“Improving Ohio’s water quality is incredibly important,” said Governor Mike DeWine. “Giving farmers an incentive to participate in this conservation process is another step toward clean water for future generations.”
The new program is being offered in combination with the Lake Erie Conservation Reserve Enhancement Program (CREP). CREP is a USDA conservation program that offers farmers and landowners financial compensation for taking cropland out of production and establishing conservation practices. The H2Ohio Water Quality Incentive Program will offer a one-time payment of $2,000 per acre for new Lake Erie CREP wetlands and forested riparian buffers (buffer strip with trees) to help improve water quality in the Lake Erie watershed. Wetlands and riparian buffers act as filters to reduce nutrient loading into waterways and help reduce flooding. Riparian buffers also stabilize streambanks to reduce soil erosion.
“This program gives farmers a unique opportunity to benefit the environment and themselves,” ODNR Director Mary Mertz said. “The program will let farmers boost Ohio’s environmental health while receiving fair compensation.”

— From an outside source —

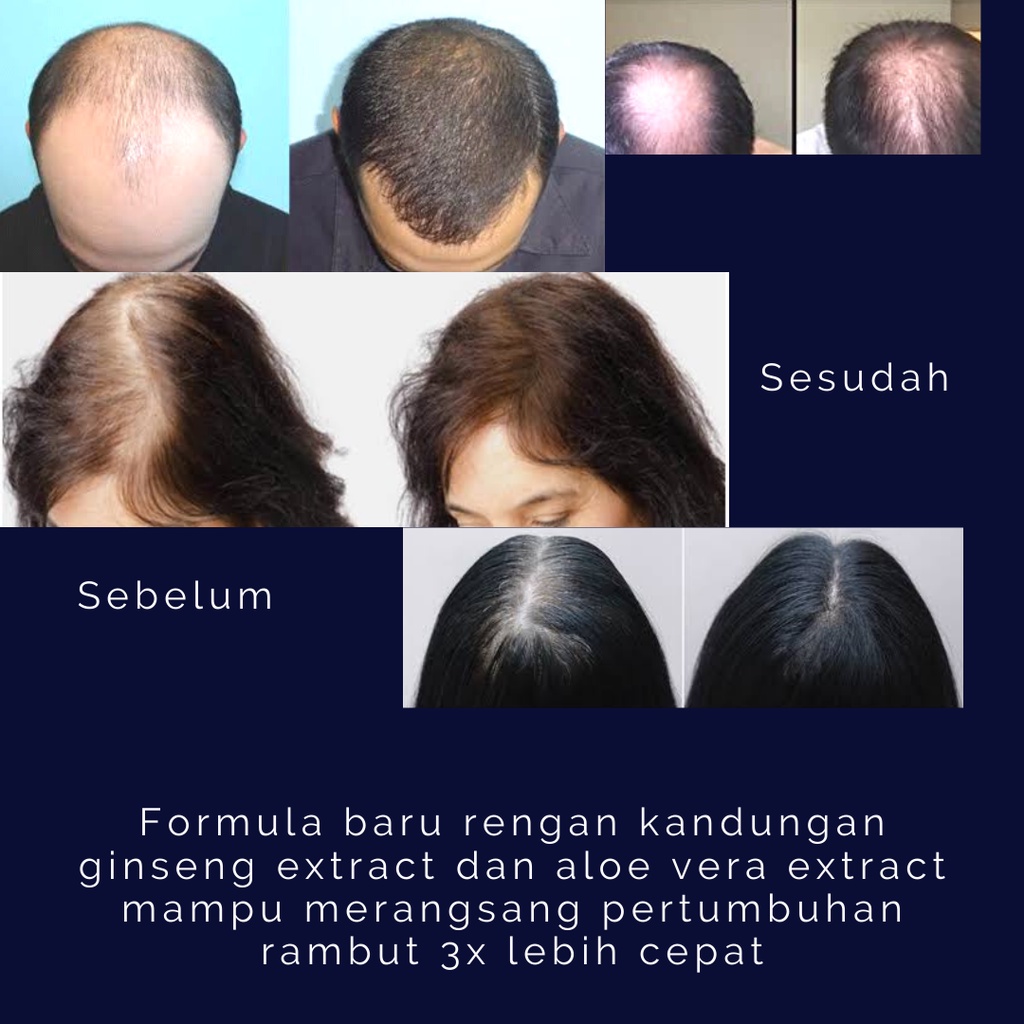 (Harga Grosir 40 Pcs) Hair Growth Serum Penumbuh Rambut Alami By Shevanna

To qualify for the H2Ohio Water Quality Incentive Program, interested farmers and landowners must be eligible for CREP and submit an H2Ohio WQIP application during the announced sign-up period prior to their CREP contract approval. Applicants do not have to sign up for CREP prior to applying for the H2Ohio WQIP. However, if the applicant is approved for the WQIP, an approved CREP contract will be required to receive the WQIP payment. Applications will be scored and selected based on criteria to prioritize the best projects to improve water quality. For qualifying criteria click here.
Farmers interested in more information can contact ODNR technical staff for additional program details, project planning assistance, and help with the application process. To contact an ODNR representative in your area click here.
The new incentive program is one of several H2Ohio efforts currently underway by ODNR including the Forder Bridge Project in Paulding County, the Fruth Wetland Nature Preserve in Seneca County, the St. Joseph Confluence Reconnection in Williams County, the Van Order Wetland and Forest Restoration in Henry County, and the new wetland area east of the Andreoff Wildlife Area in Wyandot County.